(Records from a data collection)
....................

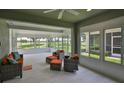 Bright sunroom with tiled floor, large windows, and comfortable seating overlooking the landscape at 724 Chipper Dr, Sun City Center, FL 33573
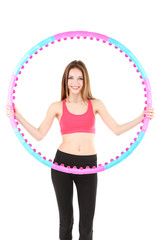 Wall Mural - Woman doing exercises with hula hoop isolated on white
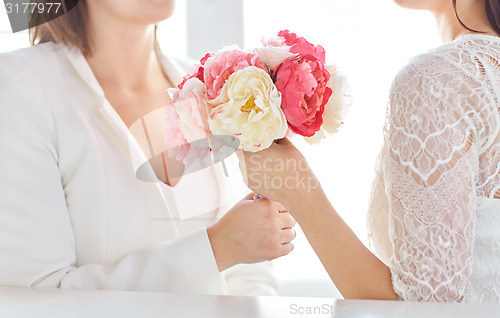 Image of close up of happy lesbian couple with flowers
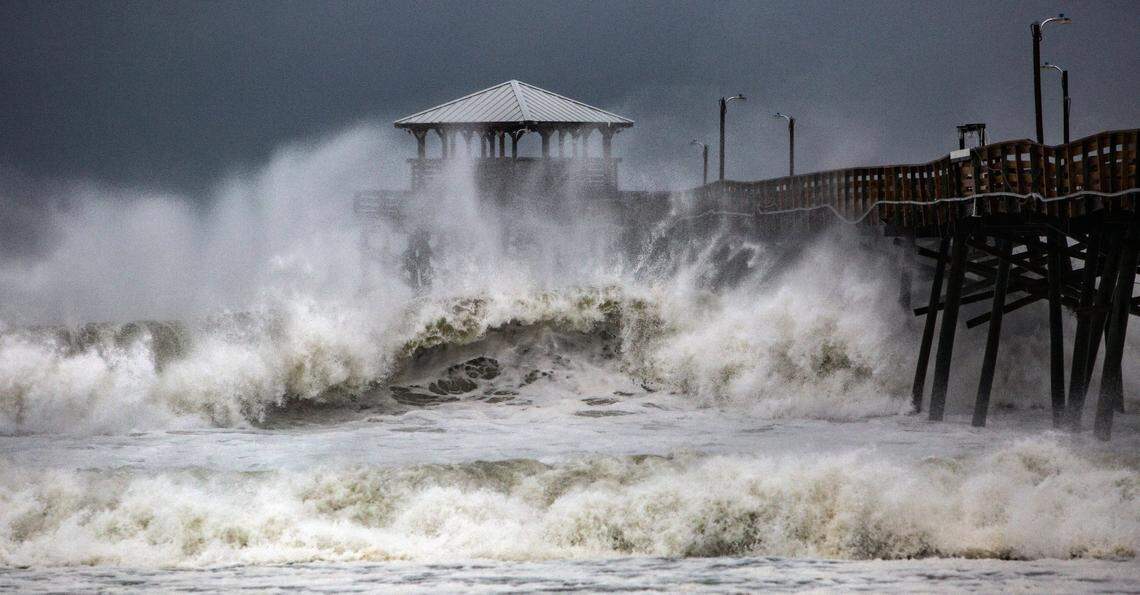 Waves slam the Oceana Pier & Pier House Restaurant in Atlantic Beach Thursday, Sept. 13, 2018 as Hurricane Florence approaches the Carolinas.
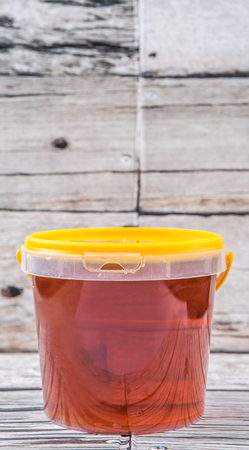 Honey in a plastic bucket over rustic aged wooden backgroundの写真素材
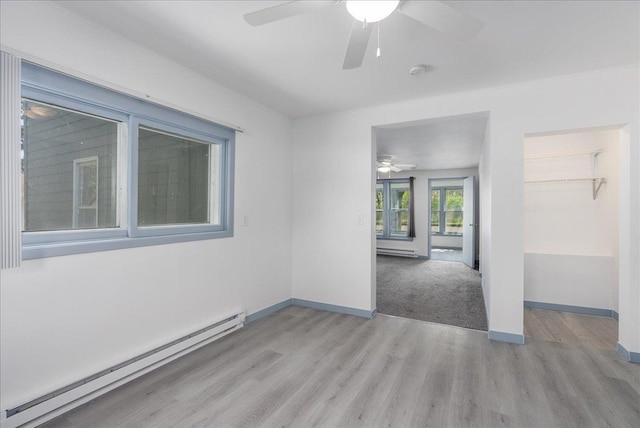 231 High St, New Richmond, WI 54017 - spare room with baseboard heating, a ceiling fan, wood finished floors, and baseboards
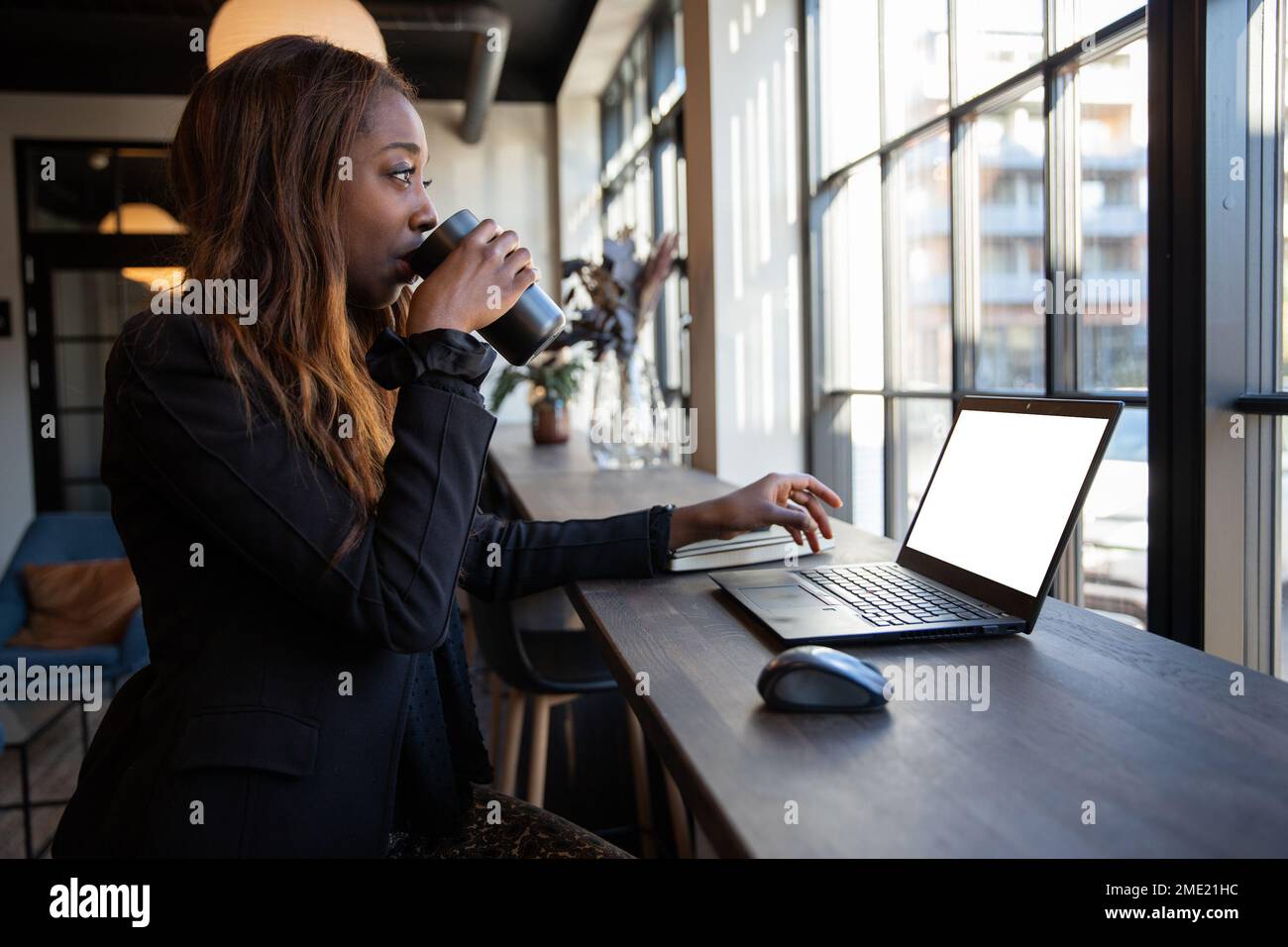 Il lavoratore bianco del collare beve il caffè in ufficio, schermo bianco del laptop con mockup Foto Stock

....................

* Required action:
Restate the records in full and word for word, but keep the pictures out.

* Worked solution:
 Bright sunroom with tiled floor, large windows, and comfortable seating overlooking the landscape at 724 Chipper Dr, Sun City Center, FL 33573
 Wall Mural - Woman doing exercises with hula hoop isolated on white
 Image of close up of happy lesbian couple with flowers
 Waves slam the Oceana Pier & Pier House Restaurant in Atlantic Beach Thursday, Sept. 13, 2018 as Hurricane Florence approaches the Carolinas.
 Honey in a plastic bucket over rustic aged wooden backgroundの写真素材
 231 High St, New Richmond, WI 54017 - spare room with baseboard heating, a ceiling fan, wood finished floors, and baseboards
 Il lavoratore bianco del collare beve il caffè in ufficio, schermo bianco del laptop con mockup Foto Stock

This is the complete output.